Two months after the deadliest balloon crash in U.S. history, the Federal Aviation Administration has no immediate plans to assume greater oversight of hot air ballooning and is instead promoting a series of industry-developed safety practices.
In August, U.S. Rep. Lloyd Doggett, D-Austin, urged the FAA to reconsider its rejection of recommendations by the National Transportation Safety Board to regulate commercial balloon operators much as it does helicopter and airplane tour operators.
Two years before the July 30 balloon crash near Lockhart, which killed 16, the NTSB had warned that lax oversight of commercial balloon flights could lead to a high number of deaths in a single accident.
In a Sept. 29 response to Doggett, whose district includes Lockhart, FAA Administrator Michael Huerta wrote that the agency will wait until the safety board’s investigation into the Lockhart crash is finished before considering any new or previous recommendations from its sister agency.
NTSB officials have said the investigation could take 12 to 18 months. Investigators believe the balloon, operated by Heart of Texas Hot Air Balloon Rides, drifted into high voltage power lines, possibly while trying to land. Witnesses described seeing a fireball when the balloon hit the ground.
The safety board in 2014 called on the FAA to require balloon pilots to provide letters of authorization to local FAA offices, as their helicopter and airplane counterparts are required to do. Such letters, the board said, would result in “periodic surveillance checks” to make sure equipment is maintained properly, safety checklists are used, safety briefings are given and appropriate flight planning is conducted.
But in his letter to Doggett, Huerta touted a plan developed withthe Balloon Federation of America, an industry trade group, to “promote safe operations.”
The federation has opposed the NTSB recommendations, saying they would add a layer of unnecessary regulation.
Doggett on Thursday called the FAA’s response “very unsatisfactory” and said the agency should do more than regulate based on the “self-interest of the industry.”
“We already have plenty of evidence we need to increase standards of balloon safety,” Doggett said. “I am not pleased to see (consideration of recommendations) delayed further.”
The Balloon Federation of America said a 16-point action plan it developed in August would bring about a “much closer alliance between industry and the FAA, a comprehensive education program for operators, an awareness program for the general public, and the adoption of best practices including a well-defined operations manual.”
The action plan calls for a system that would rate operators based on their completion of safety programs, flying experience, participation in random drug screenings, pilot background checks and insurance information.

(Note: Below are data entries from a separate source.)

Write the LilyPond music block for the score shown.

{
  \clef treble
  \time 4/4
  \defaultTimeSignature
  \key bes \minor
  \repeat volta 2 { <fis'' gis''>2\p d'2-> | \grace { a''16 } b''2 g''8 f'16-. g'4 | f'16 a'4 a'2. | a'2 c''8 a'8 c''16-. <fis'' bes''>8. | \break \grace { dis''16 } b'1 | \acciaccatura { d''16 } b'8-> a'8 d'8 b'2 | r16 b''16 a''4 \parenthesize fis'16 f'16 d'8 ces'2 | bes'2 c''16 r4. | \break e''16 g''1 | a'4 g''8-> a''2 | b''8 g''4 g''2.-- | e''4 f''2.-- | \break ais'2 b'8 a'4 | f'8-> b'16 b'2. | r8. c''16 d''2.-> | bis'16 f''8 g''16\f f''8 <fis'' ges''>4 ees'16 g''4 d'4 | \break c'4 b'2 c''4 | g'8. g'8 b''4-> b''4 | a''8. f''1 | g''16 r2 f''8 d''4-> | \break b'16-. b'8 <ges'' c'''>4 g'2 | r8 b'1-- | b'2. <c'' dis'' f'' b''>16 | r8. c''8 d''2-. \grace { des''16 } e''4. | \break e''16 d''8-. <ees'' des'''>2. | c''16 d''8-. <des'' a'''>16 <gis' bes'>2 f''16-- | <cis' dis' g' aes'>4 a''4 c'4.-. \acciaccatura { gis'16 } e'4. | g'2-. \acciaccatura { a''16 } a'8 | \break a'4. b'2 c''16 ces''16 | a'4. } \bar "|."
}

The plan did not specifically mention putting annual inspection records online. While such inspections are required by the FAA, operators are not required to submit the results to the agency, but rather to hand them over “on request.” A Freedom of Information Act request by the American-Statesman for inspection and maintenance records on the Heart of Texas balloon yielded no results, but an FAA spokesman said that does not mean the inspection records do not exist.
FAA spokesman Lynn Lunsford confirmed that there is no way for members of the public to view inspection results for balloons they are contemplating riding without contacting balloon operators directly.
The industry plan also envisions a public database of balloon ride operators that would include individual ratings. The federation also planned to gather information on pilot activity, passengers flown and “unrecorded incidents” to establish “risk areas.”
And the plan calls for a campaign aimed at improving the public perception of ballooning that includes providing local news media with “positive stories about ballooning.”
A Statesman investigation in August found that nearly 70 percent of fatal balloon crashes since 1964 involved some form of pilot error. The analysis of every fatal hot air balloon crash investigated by the NTSB also found numerous safety issues, including improperly modified equipment, lack of helmets for passengers and inadequate safety briefings. Balloon deaths had been decreasing over the previous two decades before the July crash, according to the data.
Since the July 30 crash, the FAA has issued a directive calling for replacement of fuel hoses from Balony Kubicek, the same company that built the balloon that crashed. Lunsford said the directive came not as a result of the crash, but from a July 26 finding from European authorities that propane leaks in such fuel hoses “could result in fire.” Balony Kubicek had previously called on owners to replace any fuel lines made of “Egeflex” material.